* **WHAT IS BEING ASKED**
Up to and including the line that contains "Not many people", write out every line of the entries exactly, beginning with the first. Omit the pictures.

━━━━━ DATASET

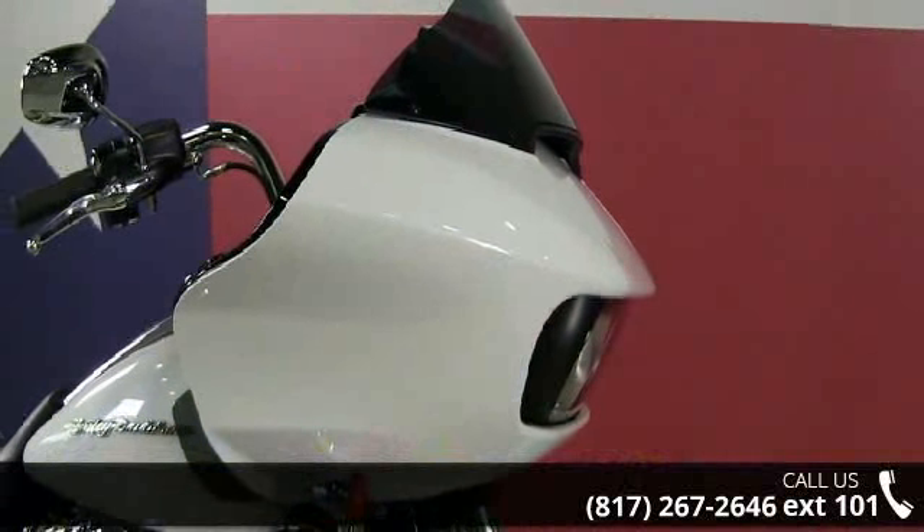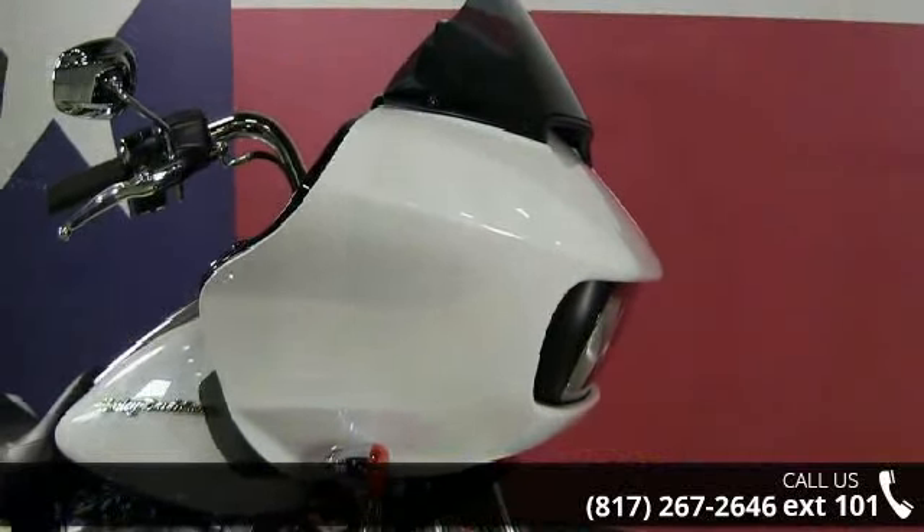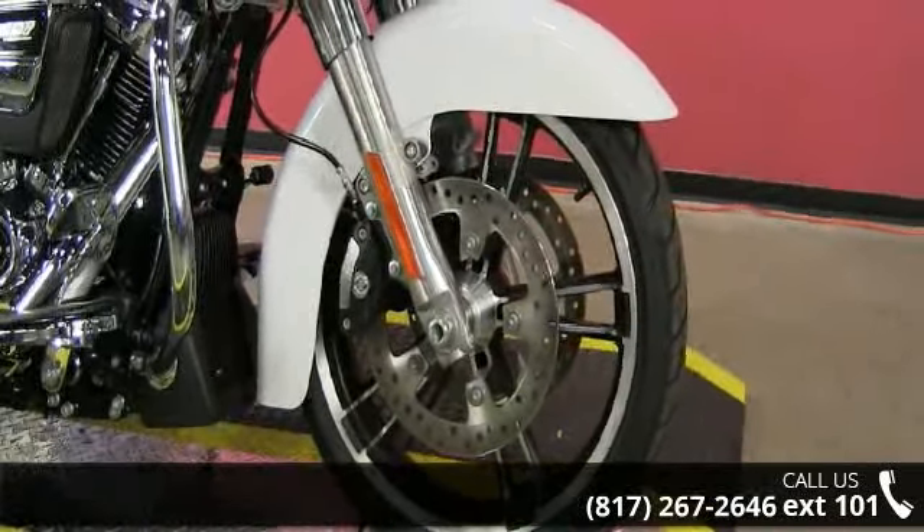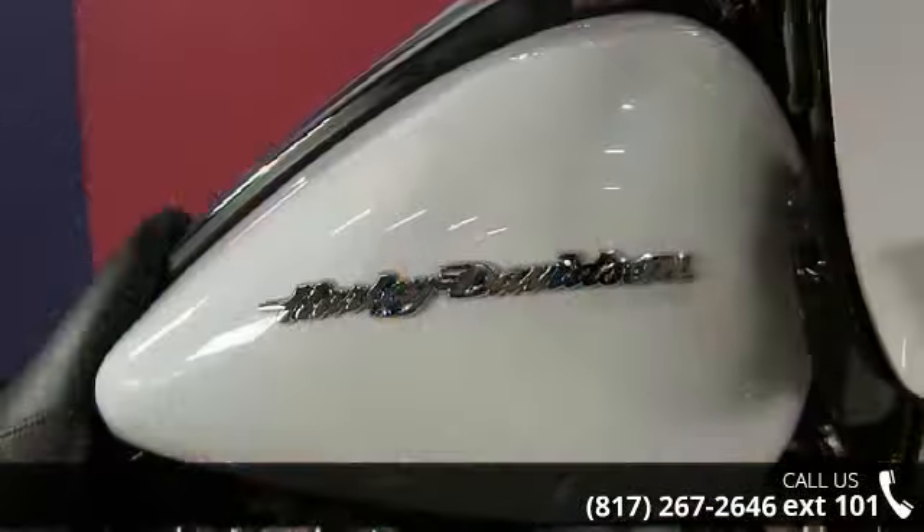Low mileage is an important factor in your purchase, and this one delivers a low odometer reading. A test ride is waiting for you. Call now to schedule an appointment at our dealership.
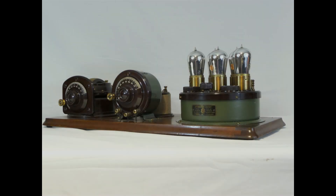Now, the rest of the story. Since the premiere of this channel's video on the Atwater Kent Model 5 and the mysterious Model 8, we have some new information.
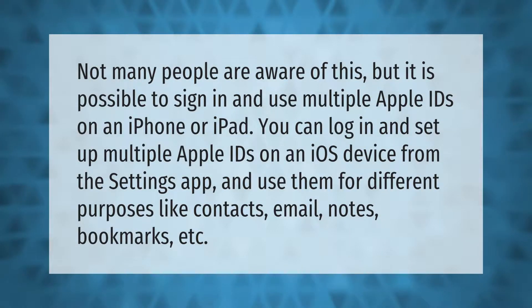Not many people are aware of this, but it is possible to sign in and use multiple Apple IDs on an iPhone or iPad. You can log in and set up multiple Apple IDs on an iOS device from the Settings app and use them for different purposes like contacts, email, notes, and bookmarks.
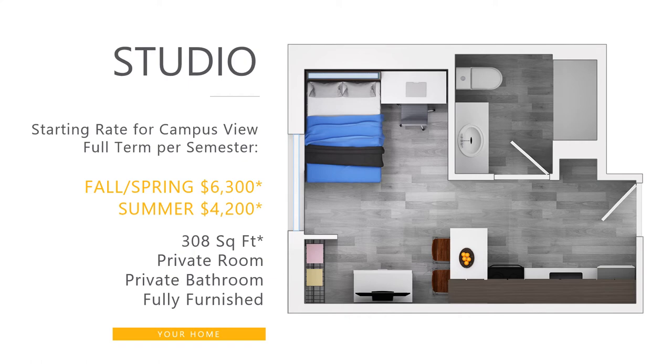Here you can see the layout of our studio apartments. These spaces are the fastest to sell out and require students to lock in for our full term lease, which includes fall, spring, and summer. We do have a waiting list for these units and can place you on it by contacting us using the information provided at the end of the webinar.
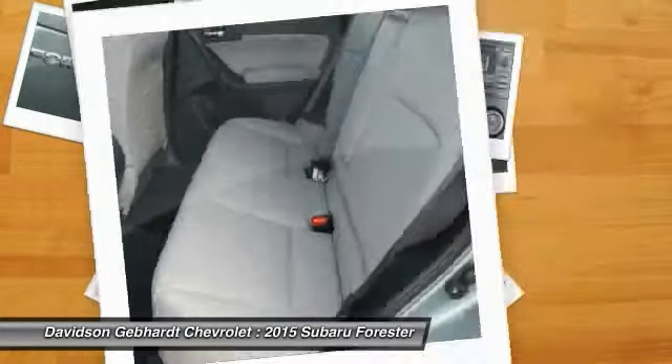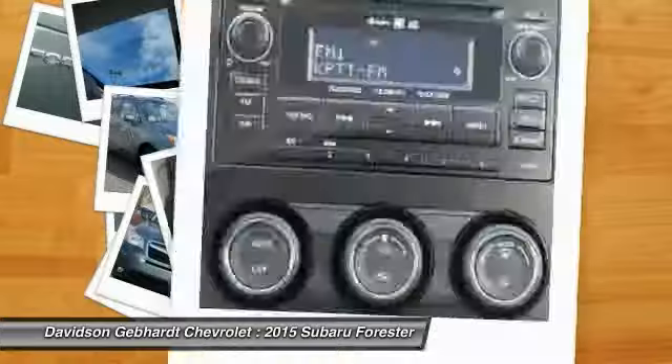This beauty is sure to make you the talk of the neighborhood. So call or drop in for a test drive today.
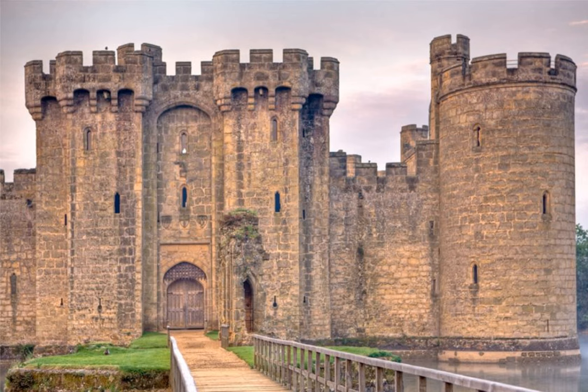Bodium Castle, located in southeast England in the county of Kent, is one of Britain's most popular castles because of its massive size and very photogenic moat. You've probably already seen pictures of it and aren't even aware of it, but there is something deceptive about this imposing castle that's guarding Britain's southeastern coast.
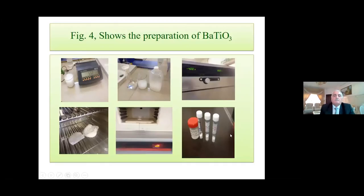Drying was done at 80°C for 12 hours. Then barium titanate was sintered at 800°C or 1000°C for 3 hours and for 5.5 hours. We needed a furnace to reach above 1000°C, but this furnace was not available in our lab in Iraq. Then the sample was characterized.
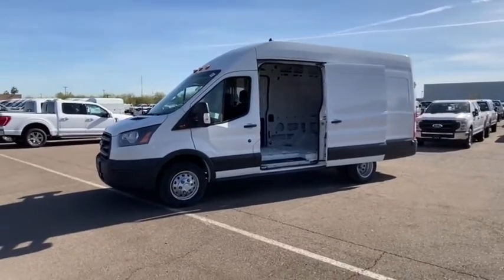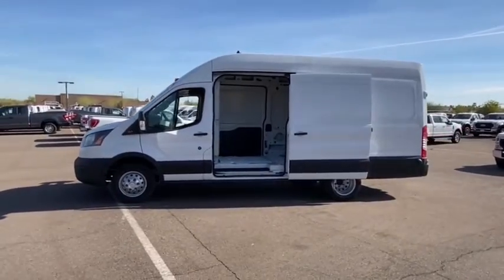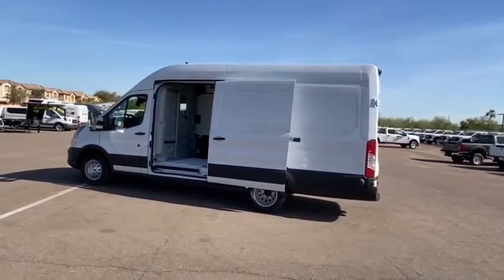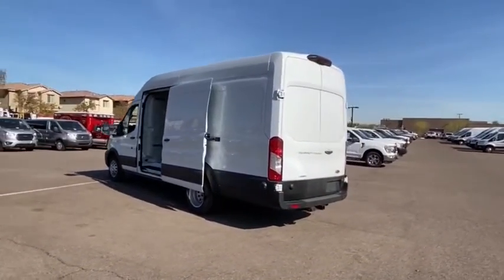Make a great choice today with the 2020 Transit 250. The Transit 250 comes in numerous configurations, with impressive payload and towing capacities. It is comfortable and easy to drive. Here are some of this vehicle's great options.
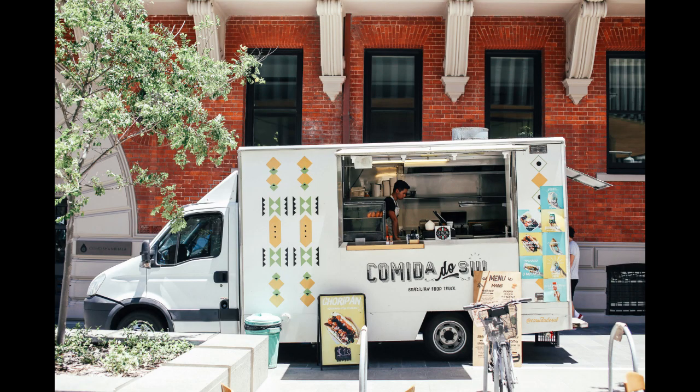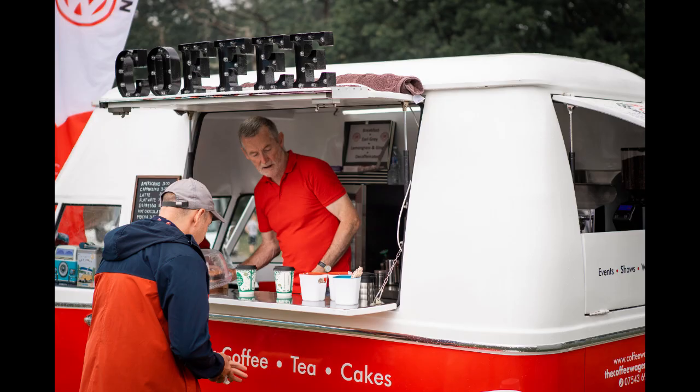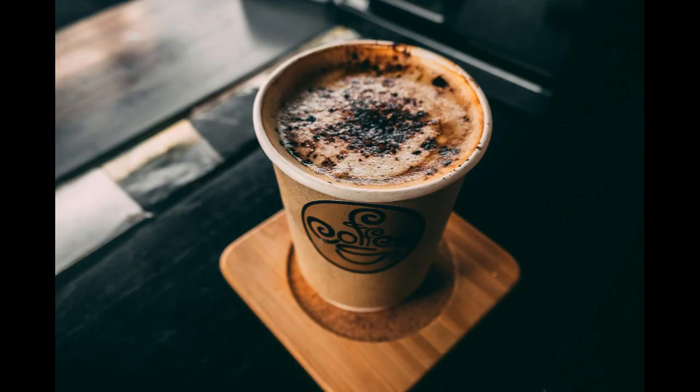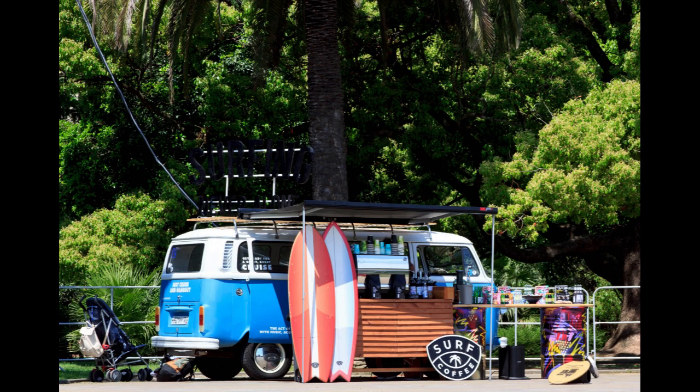Here are 10 tips to help you launch and run a successful coffee van business. One: Market Research. Conduct thorough market research to identify your target audience and understand their preferences. Assess the competition in the area to find a unique selling proposition for your coffee van.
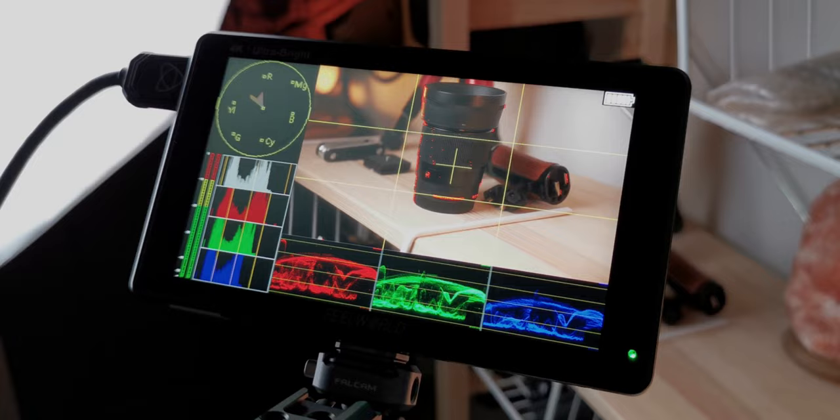Looking at a bigger image is going to make it way easier to tell if your shot is in focus and if it's exposed correctly. On top of that, most external monitors — even the cheaper ones nowadays — come packed with a bunch of different video assist features that most cameras aren't going to have available built in. And as an added bonus, external monitors are usually way brighter than the screens on the backs of cameras, so if you do a lot of filming outdoors, it's going to be way easier for you to see what you're actually doing.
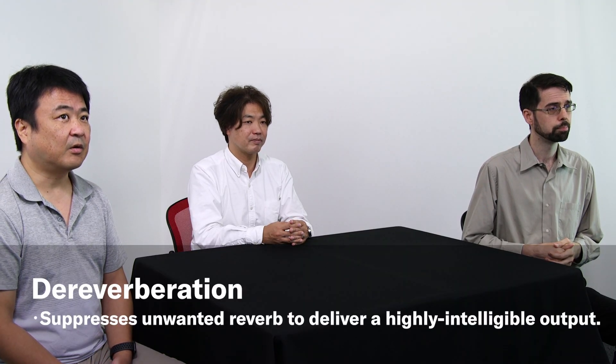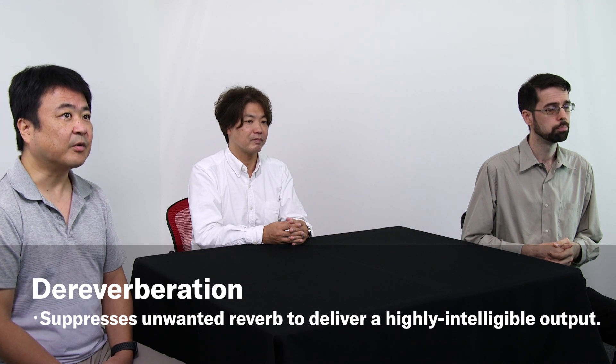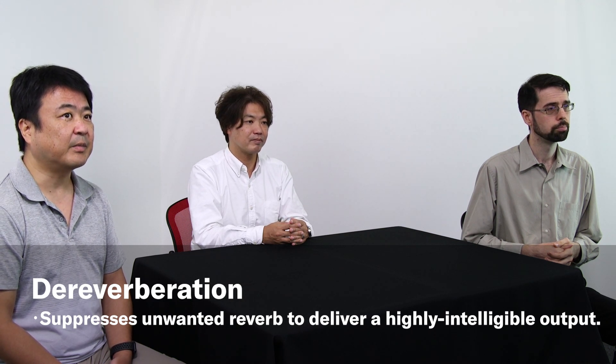If we turn dereverberation off, sound bouncing off reflective walls or tables can reduce intelligibility and may require participants to repeat themselves. When activating dereverberation, different levels can also be chosen to best suit your needs.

━━━━━━━━━━

* **ANSWER BOX**
Low mileage is an important factor in your purchase, and this one delivers a low odometer reading. A test ride is waiting for you. Call now to schedule an appointment at our dealership.
Now, the rest of the story. Since the premiere of this channel's video on the Atwater Kent Model 5 and the mysterious Model 8, we have some new information.
Not many people are aware of this, but it is possible to sign in and use multiple Apple IDs on an iPhone or iPad. You can log in and set up multiple Apple IDs on an iOS device from the Settings app and use them for different purposes like contacts, email, notes, and bookmarks.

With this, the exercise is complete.